Weber: «Das ist völlig absurd. Wir haben das Referendum ergriffen, weil wir nach langen Abklärungen zum Schluss kamen, dass das Stromgesetz der falsche Weg ist. Die Fondation Franz Weber oder ich persönlich verdienen oder profitieren in keiner Weise.»

 

SVP-Dettlings Gratwanderung

Das Gegenteil sei der Fall. Die mit Spenden, Legaten und Mitgliederbeiträgen finanzierte Stiftung mit ihren 36 000 Mitgliedern verwende eigene Mittel, um diesen Abstimmungskampf zu bestreiten. Im Augenblick stünden 400 000 Franken zur Verfügung. Gleich geht sie zum Gegenangriff über. Der Grund, weshalb die Wirtschaftsverbände geschlossen Partei für das Anliegen ergreifen, sei das Geld. Unterstützt der Souverän im Frühsommer das Vorhaben, werden Milliarden von Franken an Fördermitteln ausgeschüttet. «Die Anhänger glauben, dass sie von diesem staatlichen Geldsegen auch profitieren werden. Deshalb sind sie Feuer und Flamme. Wenn jemand Partikularinteressen verfolgt, dann diese Seite, sicher nicht wir.»

Auf die Frage, welche Chancen sie sich ausrechnet, reagiert Weber ausweichend: «Es wird auf jeden Fall verdammt schwierig.» Sie könne keine Prognose machen.

Die Gegner tun sicher gut daran, Weber nicht zu unterschätzen. Schon in der Vergangenheit gelangen ihrer Gruppe spektakuläre Erfolge. Der grösste war sicher vor zwölf Jahren, als die Bevölkerung überraschend der Zweitwohnungsinitiative zustimmte. Wie jetzt mit dem beliebten Umweltminister Rösti duellierte sich Weber 2012 mit einer scheinbar übermächtigen Gegnerin – der Mitte-Bundesrätin Doris Leuthard.

Damals hatte sie die Linke auf ihrer Seite, jetzt kämpft sie mit der SVP. Offen ist, wie sehr sich die Partei ins Zeug legen wird. Für den neuen Präsidenten Marcel Dettling ist es eine Gratwanderung. Wie stark will der Schwyzer Nationalrat auf seinen eigenen Bundesrat losgehen? Rösti hat auf jeden Fall signalisiert, dass er die Opposition aus den eigenen Reihen sportlich nehmen wird. Bei der Beschlussfassung an der Delegiertenversammlung in Langenthal Ende März blieb er bis zum Schluss und erklärte, dass er gut damit leben könne, dass seine Partei eine Sachfrage anders beurteile als er selbst.

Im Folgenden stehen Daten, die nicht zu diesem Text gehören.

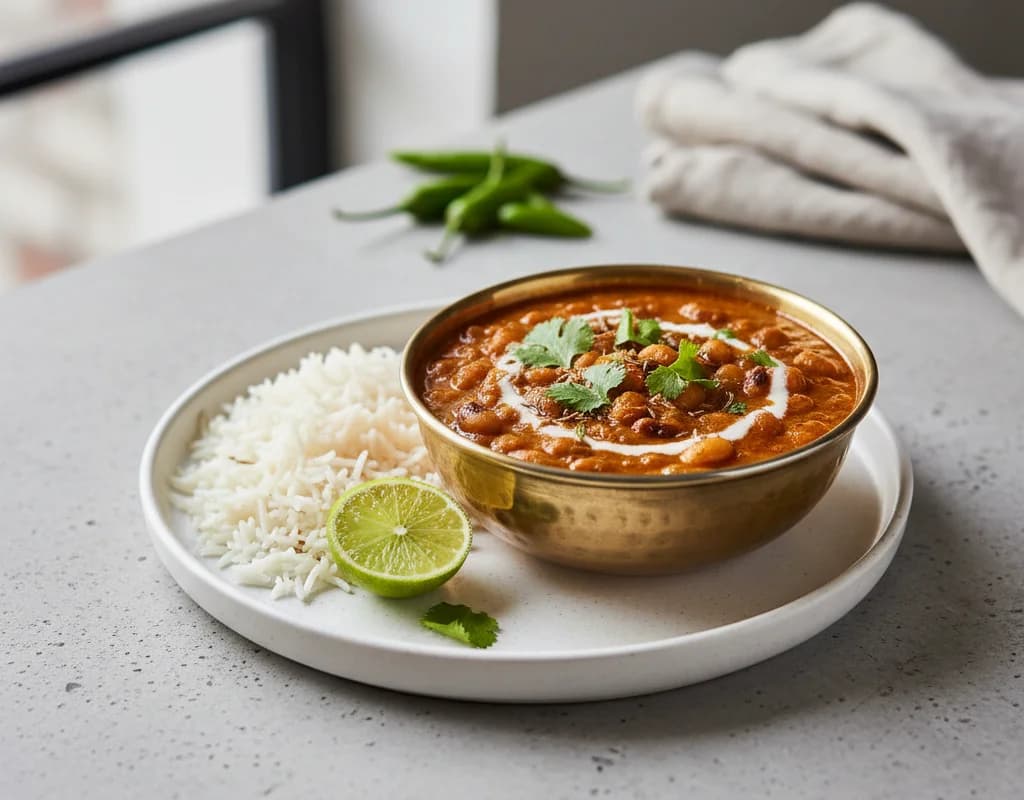 Black Eyed Peas Curry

Zumindest auf dem Papier sind die beiden ein starkes Duo. Hier die höfliche, unaufgeregte und detailversessene Weber, dort die Rechtspartei, die komplexe Zusammenhänge für jeden verständlich zusammenfassen kann.

Und mit dem Hotel «Giessbach» stünde auch ein Ort für eine würdige Siegesfeier bereit.